Recorded information ::
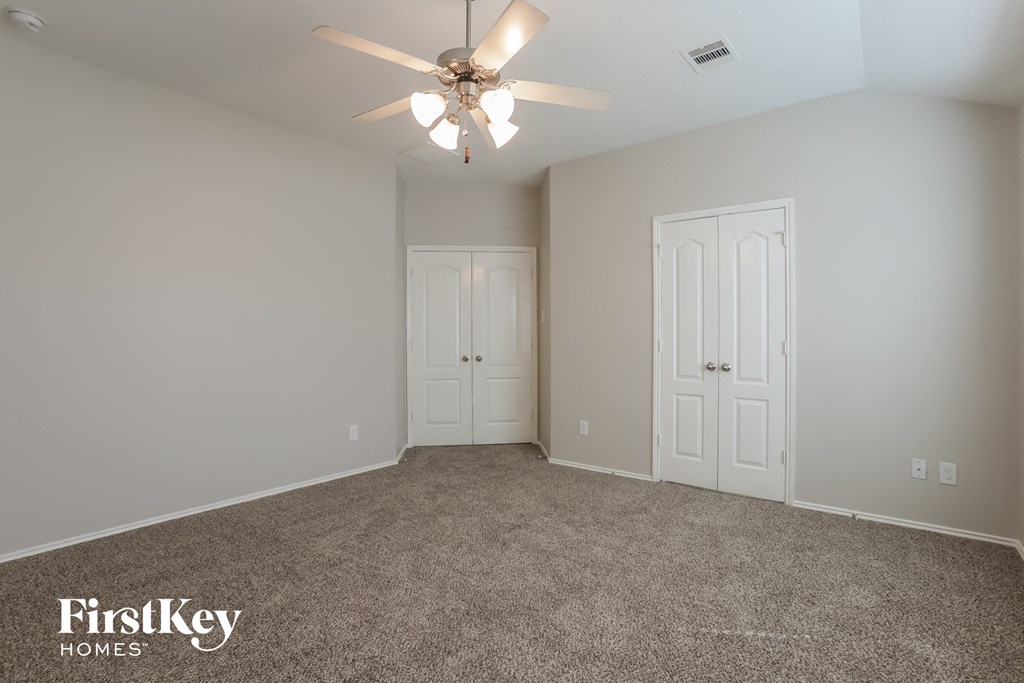 a bedroom with carpet and a ceiling fan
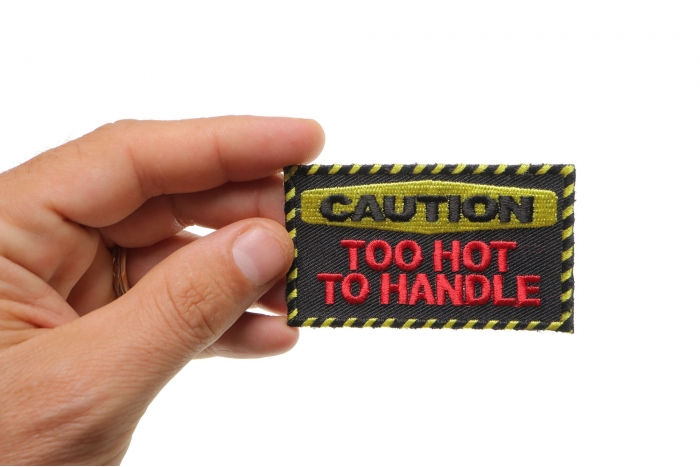 Caution Too Hot To Handle Patch, Funny Patches for Ladies shown on hand for size comparison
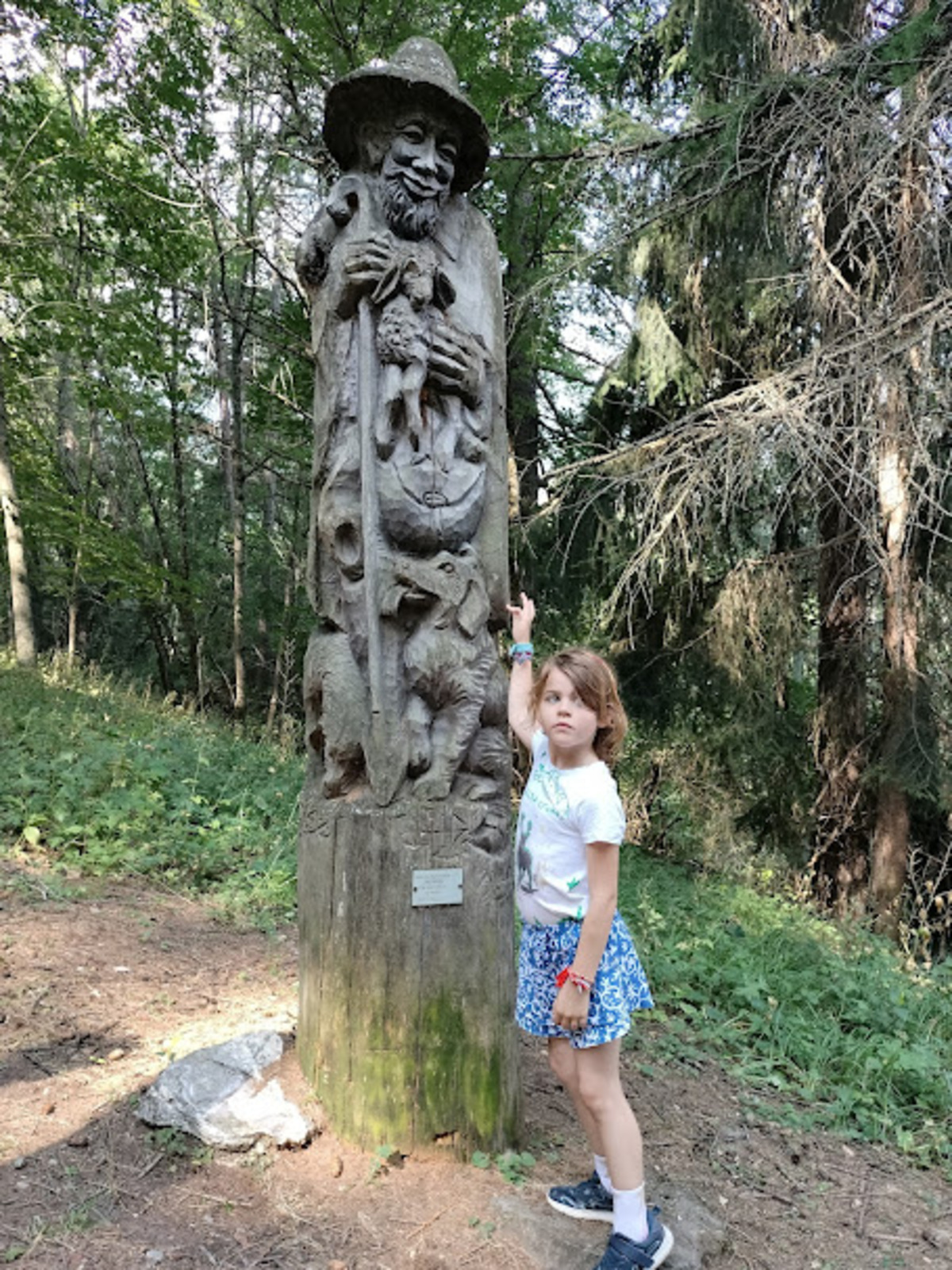 sentiero 14 sauze d'oulx val di susa bambina davanti a una statua di legno
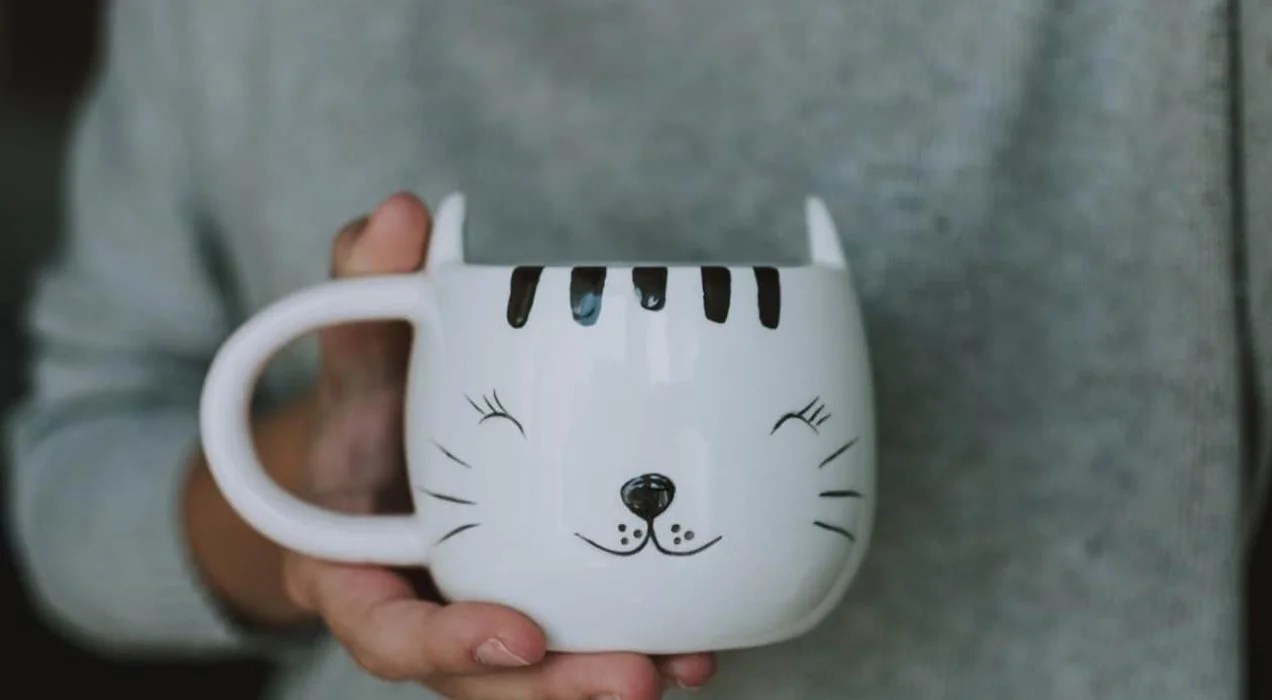 close-up of a hand holding a black and white cat mug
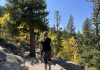 girl looking at fall leaves in Colorado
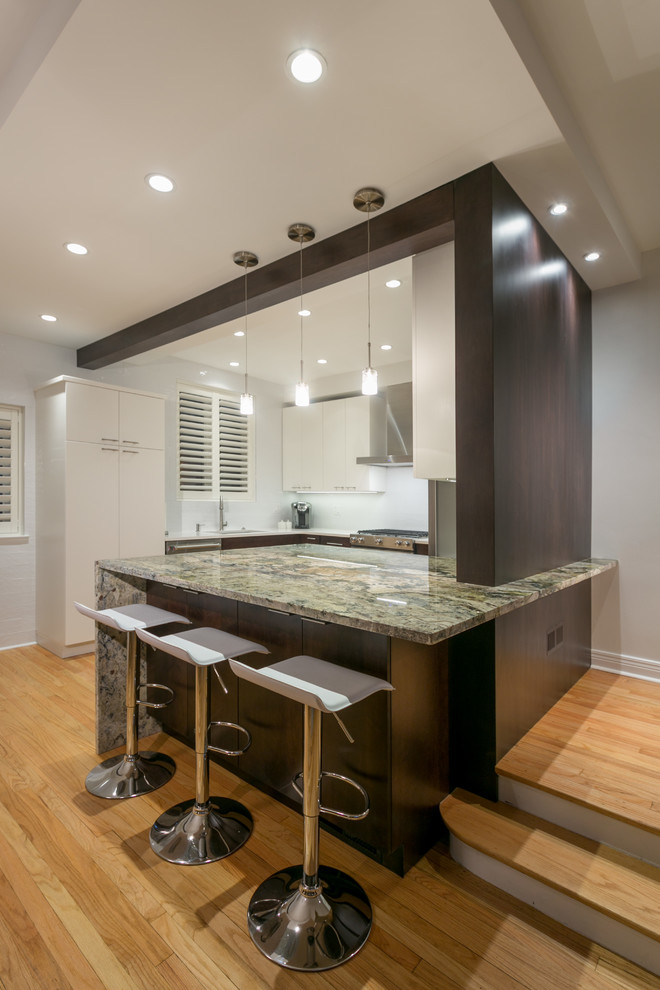 Photo of a mid-sized contemporary galley separate kitchen in Chicago with an undermount sink, flat-panel cabinets, beige cabinets, quartz benchtops, white splashback, cement tile splashback, stainless steel appliances, medium hardwood floors and with island.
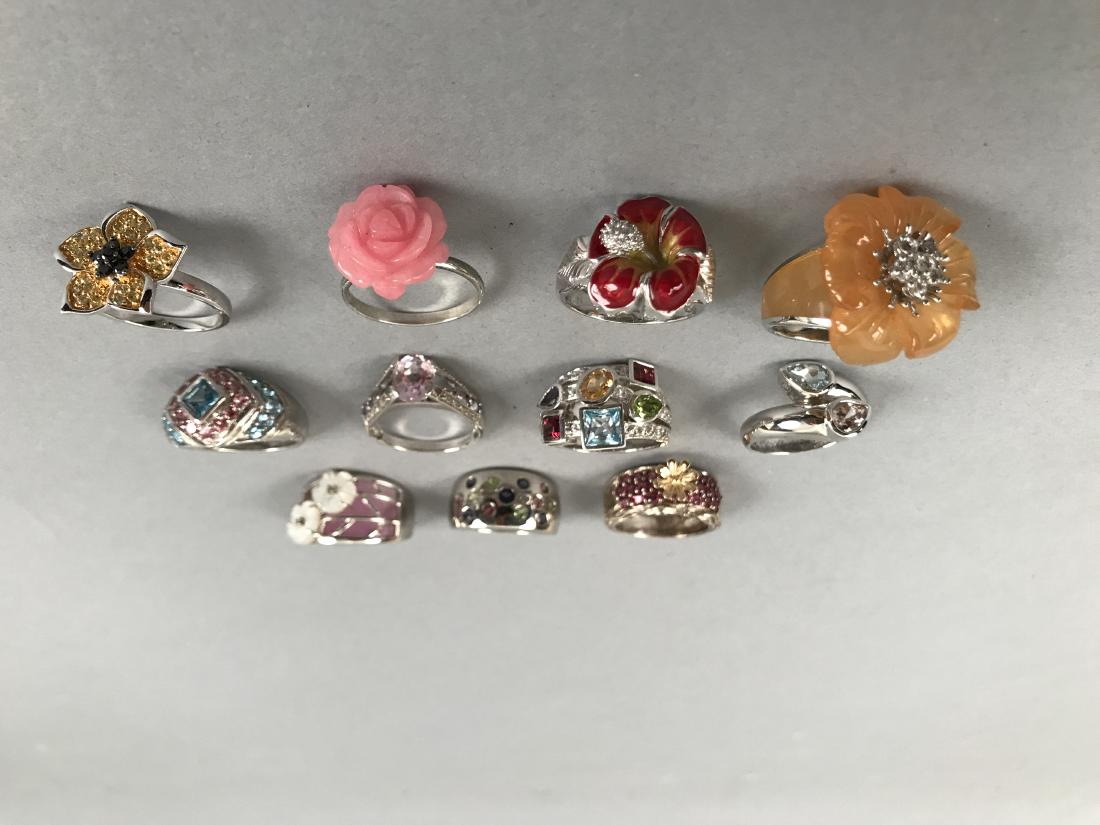 11 Sterling Silver Rings Many w/ Gemstones: Lot of 11 Sterling Silver Rings, Many with Gemstones. All are marked either 925 or Sterling. Gross weight 85.4g. Shipping available within the continental United States (excludes insurance) for $25. I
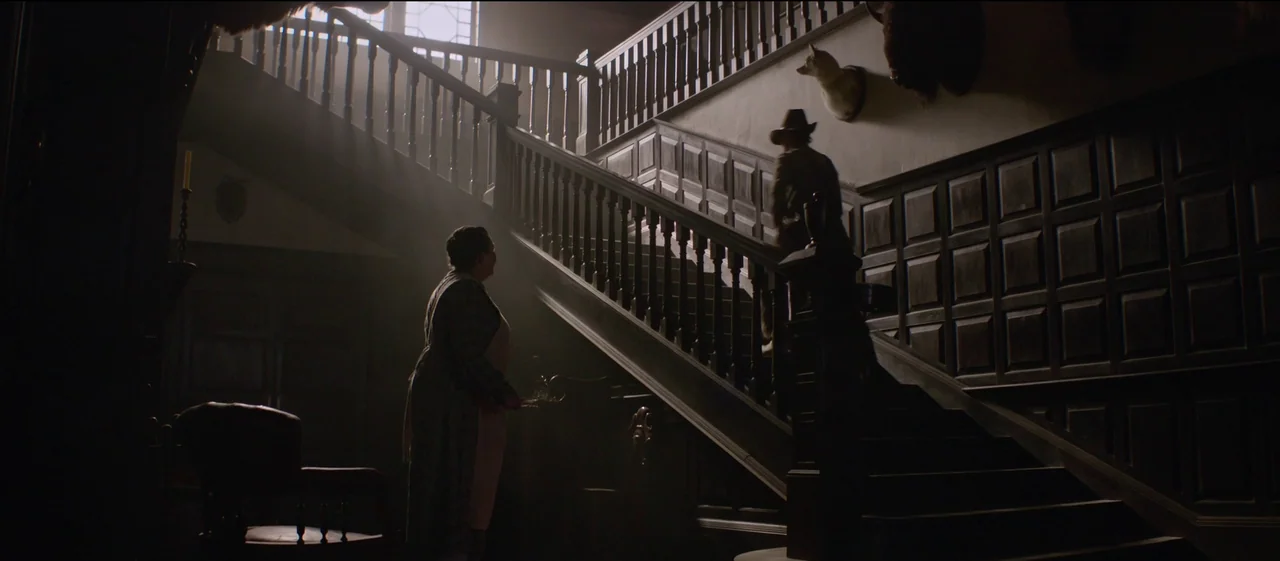 The Power of the Dog (2021) movie still: wide — An opulent Victorian staircase features dark wood paneling and taxidermy mounts on the walls. A…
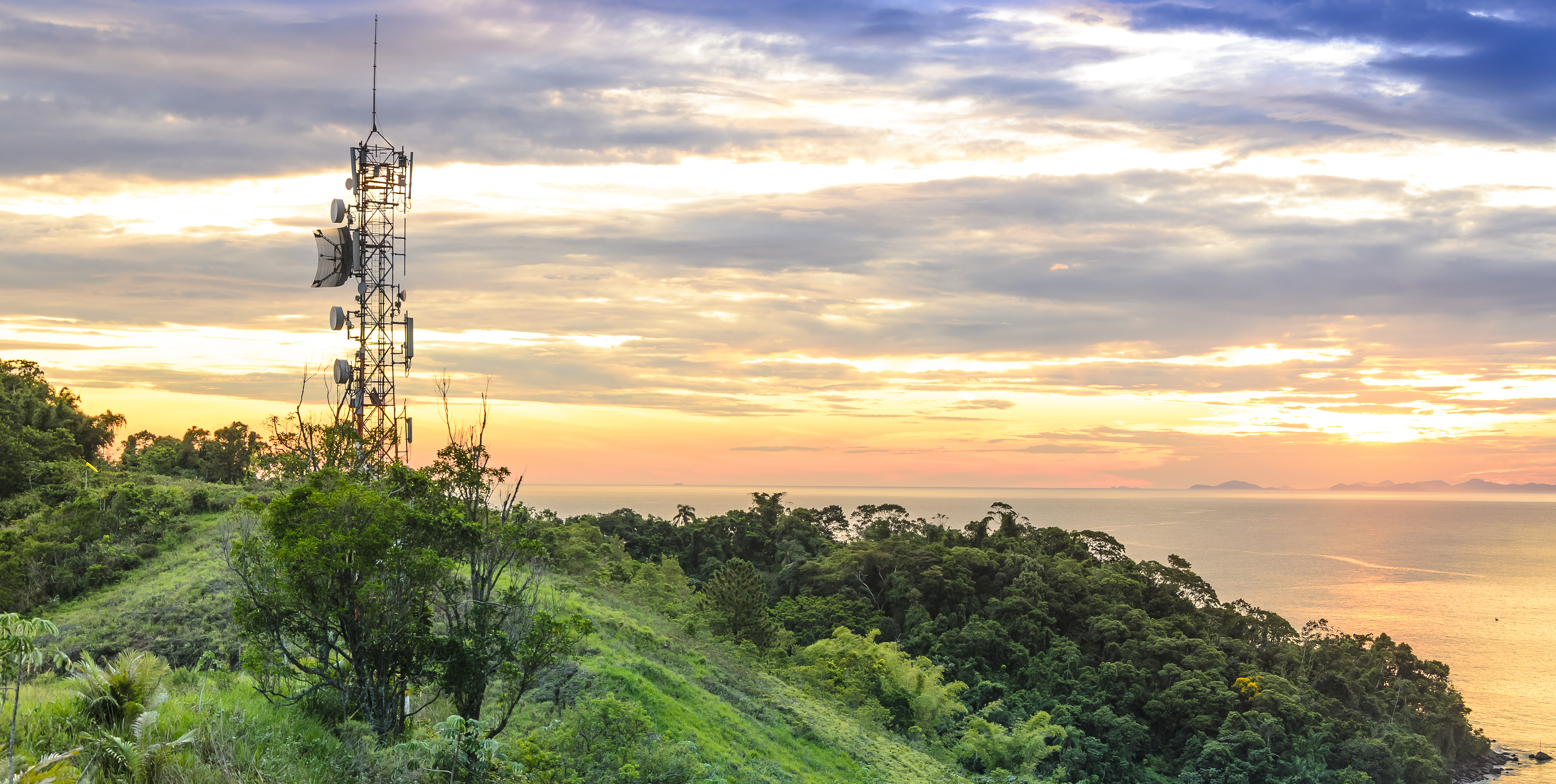 Telecommunications And  Radio Towers With Sunset Sky In Backgrou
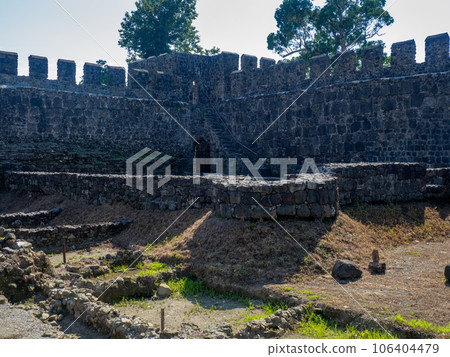 Loopholes. Battle tower. Castle defense.  Archeology.  Ruins of an ancient castle. At the archaeological site. Ruined Palace Museum. Fortress Gonio. The architecture of antiquity. 106404479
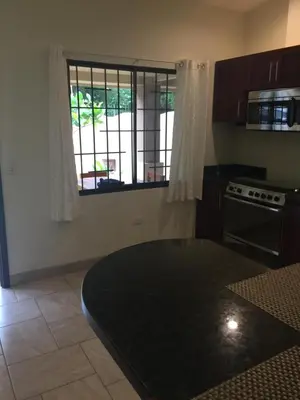 a kitchen with a black table and a window at Guest House in Playa Flamingo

About this exercise :: Exact copies of the entries above are needed, without their pictures.

Output for this task ::
 a bedroom with carpet and a ceiling fan
 Caution Too Hot To Handle Patch, Funny Patches for Ladies shown on hand for size comparison
 sentiero 14 sauze d'oulx val di susa bambina davanti a una statua di legno
 close-up of a hand holding a black and white cat mug
 girl looking at fall leaves in Colorado
 Photo of a mid-sized contemporary galley separate kitchen in Chicago with an undermount sink, flat-panel cabinets, beige cabinets, quartz benchtops, white splashback, cement tile splashback, stainless steel appliances, medium hardwood floors and with island.
 11 Sterling Silver Rings Many w/ Gemstones: Lot of 11 Sterling Silver Rings, Many with Gemstones. All are marked either 925 or Sterling. Gross weight 85.4g. Shipping available within the continental United States (excludes insurance) for $25. I
 The Power of the Dog (2021) movie still: wide — An opulent Victorian staircase features dark wood paneling and taxidermy mounts on the walls. A…
 Telecommunications And  Radio Towers With Sunset Sky In Backgrou
 Loopholes. Battle tower. Castle defense.  Archeology.  Ruins of an ancient castle. At the archaeological site. Ruined Palace Museum. Fortress Gonio. The architecture of antiquity. 106404479
 a kitchen with a black table and a window at Guest House in Playa Flamingo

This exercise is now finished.